Some other housecleaning:

A) If you'd like to just get new postings sent to your email, just submit your address in the box on the left just below. There's just one possible downside, though. Occasionally I'll add a music video at the end that's relevant to the devotional, and you won't get them in the email sent to you. If I add a video though, I'll make sure to mention in the posting, so you'll know to come to the site to see it if you'd like.

B) I actually finished writing new blog posting for the TAWG at the end of 2016. So what I'm doing now is at the beginning of every month, I'll move the earliest month from 3 years ago ahead so that a "new" posting appears every day. That's why you won't find any postings for January 2014, for example.
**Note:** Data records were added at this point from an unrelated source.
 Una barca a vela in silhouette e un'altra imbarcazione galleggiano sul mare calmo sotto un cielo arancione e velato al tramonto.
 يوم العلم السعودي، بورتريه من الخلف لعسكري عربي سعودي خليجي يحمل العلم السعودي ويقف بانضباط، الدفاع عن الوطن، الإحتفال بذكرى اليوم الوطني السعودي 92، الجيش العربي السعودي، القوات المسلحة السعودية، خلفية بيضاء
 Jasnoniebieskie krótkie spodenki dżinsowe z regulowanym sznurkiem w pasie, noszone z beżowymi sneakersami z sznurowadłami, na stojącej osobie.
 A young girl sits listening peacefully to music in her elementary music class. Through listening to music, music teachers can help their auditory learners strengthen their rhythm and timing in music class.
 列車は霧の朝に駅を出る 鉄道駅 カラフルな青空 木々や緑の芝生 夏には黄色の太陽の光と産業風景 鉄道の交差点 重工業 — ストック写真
C) When I started this Blog, I was using the 1984 edition of the NIV, and that’s what I linked to on the Biblegateway site. However, in 2011 Zondervan updated its edition and thus reworded a lot of the NIV translation. Therefore, all the links which went to the 1984 edition now redirect to the 2011 edition, which often has slightly different wording. Thus, part of my editing process has been to update my Scripture quotes in my postings. But I might have missed some, in which case you might see my quote in the posting as a little different from what comes up when you click on my citation link, since that redirects to the 2011 edition on the Biblegateway site. It's a good thing that we realize that the work of translation never ends, but it can be a kind of a pain on a site like this. If you see any difference in verbiage between my quote and what shows up as a link on the Biblegateway site, or if you hover over a link and it has "NIV1984" at the end of it, please notify me and I'll correct it.

D) I can't believe I have to say this, but here goes. At the end of every posting is a suggested short prayer that has to do with what we discussed. This is actually what I've prayed when I finished writing it. In no way am I asking you to pray the exact verbiage of my suggested prayer. It's just a springboard for your own prayer, nothing more. Quite frankly, I've never been a fan of praying rote prayers written by someone else. As with everything else I do here, to the degree it helps, great; to the degree it doesn't, chunk it.

As always, thank you so much for reading, even if it's to read one post. God bless.

[Feb 28]--Some Thoughts On Worship

Psalm 150

Since this is the last Psalm and the entire Psalter is traditionally considered a book of hymns, I thought that this would be a good opportunity to present some notes on worship from this passage.

First, worship is based upon who God is and what he’s done (vss.1-2). Literally the word comes from an Old English word meaning “worth-ship.” In other words, it’s declaring the “worth” of God, which of course is infinite and immeasurable. We can make a distinction between praise and thanksgiving which is valid, but for believers they are inseparably related. Angels can sing God’s praises regarding his power, his justice, his holiness, his wisdom, etc., but only we--as redeemed blood-bought children of God--can thank him for turning those attributes toward us in our favor. In his love and grace and mercy, he's freely chosen to display his power, his justice, his wisdom and his other attributes by saving us.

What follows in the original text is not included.